Outra publicação do mesmo MDS, assinala ainda Suplicy, chamada “A Linha de Extrema Pobreza e o Público-Alvo do Plano Brasil Sem Miséria”, ressalta que “uma das decisões basilares no desenho do Plano Brasil sem Miséria foi a definição da linha de extrema pobreza que nortearia toda a estratégia, com vários usos”.

Nesse trabalho, lembra ele ainda, são mencionadas as relevantes contribuições de Sônia Rocha e Ana Fonseca sobre como definir uma linha de pobreza.

“O bom senso seria que os ministérios ponderassem que o governo, através do Brasil sem Miséria, passou a adotar as recomendações do Projeto que institui a Linha Oficial da Pobreza, apresentado desde 1999, e que a definiu em dois níveis: o de pobreza absoluta e o de pobreza extrema. Poderá o seu governo, em sua próxima Mensagem ao Congresso Nacional, informar (1) qual a previsão de famílias e pessoas que terão superado aquelas duas linhas – feitos os devidos reajustes para levar em conta a variação nos índices de preços – (2) qual a previsão de data para que não haja qualquer família ou pessoa abaixo da linha de pobreza absoluta, e (3) quais os instrumentos de política econômica e social que contribuirão para o objetivo de erradicação da pobreza”.
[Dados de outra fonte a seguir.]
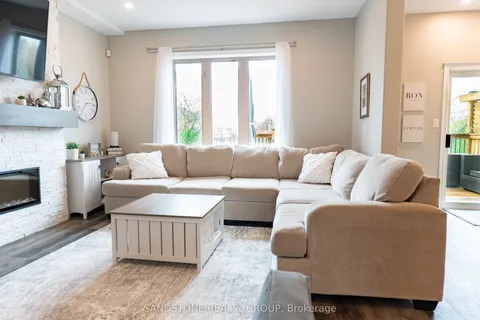 4303 Arejay Avenue, Lincoln, ON L3J 0P8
Outra estranheza manifestada pelo senador à presidenta da República é que nenhum dos ministros que assinam o parecer contrário ao seu projeto “não tenham tido antes a atenção de conversar com o autor do projeto”. Além disso, acrescenta, a longa tramitação do projeto (dezeseis anos) “deu a todos os governos desse período toda a oportunidade de interagir com os congressistas para apresentar sugestões”.

Suplicy aponta ainda o apoio que seu projeto recebeu do Congresso. “Primeiro, o projeto foi aprovado por consenso no Senado. Depois, em sua tramitação na Câmara dos Deputados, o Governo teve a oportunidade de sugerir modificações que o tornaram mais simples. Quando finalmente, em 2014, o projeto modificado na forma de um substitutivo, que levou em conta as sugestões do Governo de Vossa Excelência, foi novamente votado no Senado, tendo sido aprovado por consenso nas Comissões de Constituição e Justiça, com parecer favorável do senador Pedro Simon (PMDB-RS), de Direitos Humanos, com parecer favorável do senador Anibal Diniz (PT-AC) e, finalmente, no Plenário em dezembro último, sem que a assessoria dos três ministérios tivesse apresentado qualquer objeção à forma mais simples que foi aprovada pela Câmara e que teve a minha concordância”.

O senador antecipa em sua mensagem que vai trabalhar para que o Congresso derrube o veto presidencial e não deixou de apontar que, durante a cerimônia de diplomação da presidenta Dilma Rousseff, reeleita, “ponderou achar justo” que fosse recebido na audiência que vem solicitando desde 2013, não desistindo de ser recebido até o final de seu mandato como senador, em 31 de janeiro próximo.

“Vossa Excelência disse a mim ‘é mais do que justo’ e assegurou-me que ela vai acontecer. Agora, além de tratar da sugestão para que crie um Grupo de Trabalho para estudar as etapas de como chegaremos um dia à Renda Básica de Cidadania, prevista em Lei, também quero conversar sobre a possibilidade de indicar aos líderes no Congresso a derrubada do veto ao projeto da linha oficial da pobreza”.

Colocando-se à disposição “no aguardo de seu chamado”, Suplicy despede-se com um “abraço amigo”, desejando à presidenta “um 2015 muito feliz e cheio de realizações para o bem do povo brasileiro”.